Curated by Giovanna Dal Bon, the show features more than eighty significant works, some of which are exceptionally being exhibited for the first time. It offers a precious opportunity to explore the artist’s atmospheric world and the memories he reprocessed above all in Venice.

The artist
A Mitteleuropean wayfarer, who – in the words of the curator – remained forever heimatlos, Zoran Music was born in Gorizia, which at that time was part of the Austro-Hungarian Empire, a crossroads of races, cultures and languages. He spent his childhood in Dalmatia, then as a refugee in Styria and Carinthia. This was followed by Art School in Zagreb, a stay in Prague where he gathered impressions of Klimt and Schiele and the French Impressionists, a long period in Spain discovering Goya, then exhibitions in post-imperial Trieste, where he met his future wife, the painter Ida Cadorin. Then came the move to Venice. After his horrific deportation to Dachau he returned to Venice in 1946, where he lived, alternated with periods in Paris as of 1951, up to his death in May 2005.

The exhibition
The exhibition explores above all the last thirty years of Music’s career, when he took his stark style figuration to extremes. With an oeuvre spanning almost the whole of the last century, Music’s austere, minimal style is indicative of a process of paring things down to their essence.

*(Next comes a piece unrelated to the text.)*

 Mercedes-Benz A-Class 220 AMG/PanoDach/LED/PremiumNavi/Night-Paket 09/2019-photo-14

This can be seen first and foremost in the corpses of Dachau in the cycle Non siamo gli ultimi (We Are Not the Last). After a latency of three decades, in the 1970s Music stated, “I had to go back to Dachau”, alluding to the obsessive resurfacing of those images. Captured in drawings done in secret during his imprisonment, many of which got blown away by the wind on the lorry ride back from Dachau to Venice, he translated those indelible images of his memory into paintings stripped of emphasis, with a harsh, simple purity.
The Figure grigie (Grey Figures) of the 1990s and his final self portraits are also very intense: figures that resist the forces pulling them apart. His wife Ida – his companion in a life devoted to painting – was also a constant source of inspiration: he painted her again and again, alone or in the Doppio ritratto (Double Portrait), where he is depicted painting her, conscious of being in the presence of the unfathomable mysteries of the female identity.

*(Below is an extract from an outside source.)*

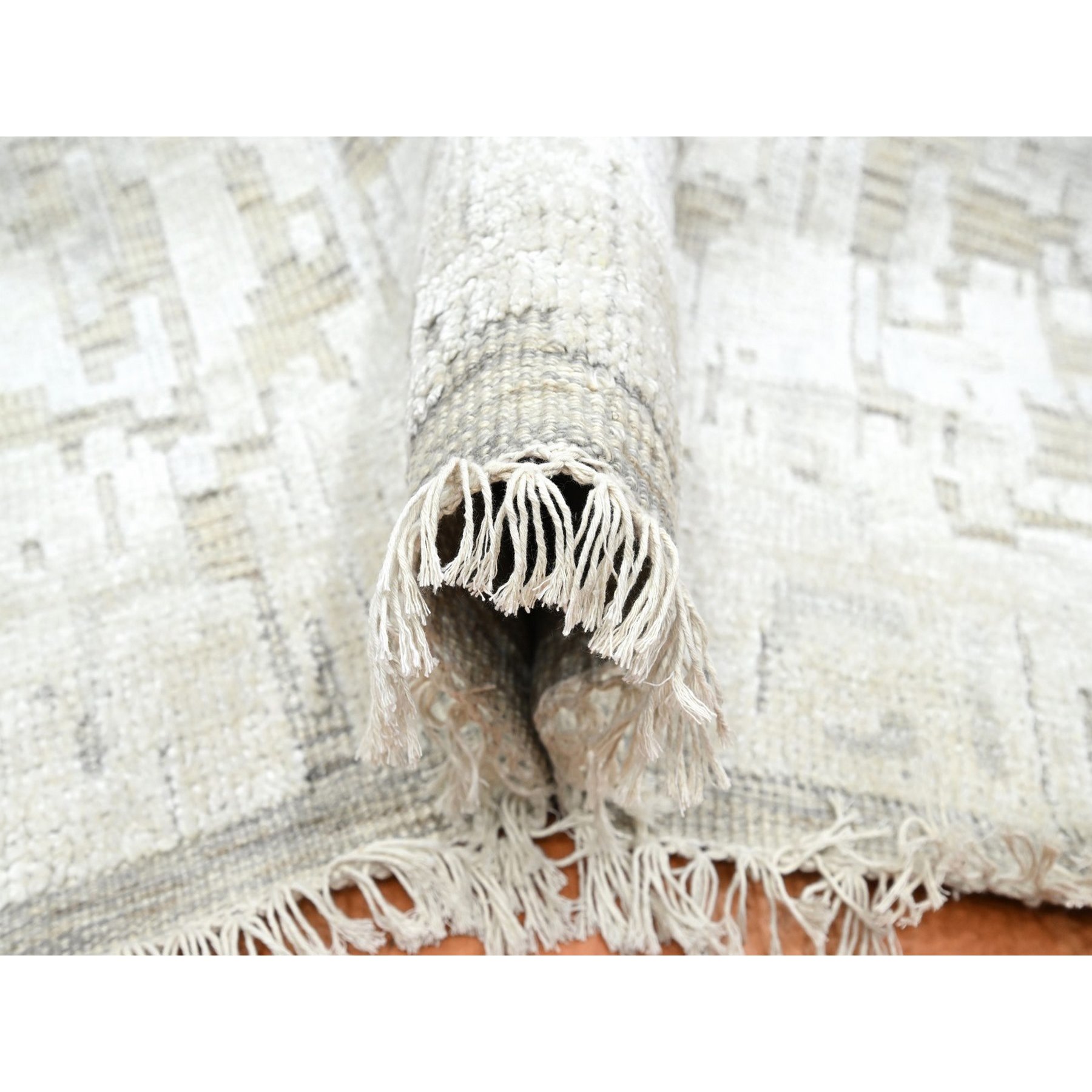 Modern-and-Contemporary-Hand-Knotted-Rug-379370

Then there are his stunning images of Venice: interior, highly intimate visions of the city which include works that have never been shown in public before. Venice was the place where Music felt free, where he lived in almost monastic simplicity and spent every day painting in his studio, an attic in Palazzo Balbi Valier in the San Vio district. In his later years Venice appears enveloped in a cloud of ink, or lit by the orange glow of oil pastel, as in the atmospheric visions of Punta della Dogana, Canale della Giudecca, Molino Stucky, and Piazza San Marco.

This thought-provoking exhibition reveals the captivating atmospheres that Music created in his works: vibrations of light, dissolving contours or intense meshes of lines that scratch the surface. Music forged “…figures that inhabit the confines of a painterly/existential territory, at the outer limit of space”, as Giovanna Dal Bon asserts, “Detached from figuration, removed from any function of “resemblance”, they reveal something beyond what is portrayable, forging new relationships within the figure; in this, perhaps, they are extreme”.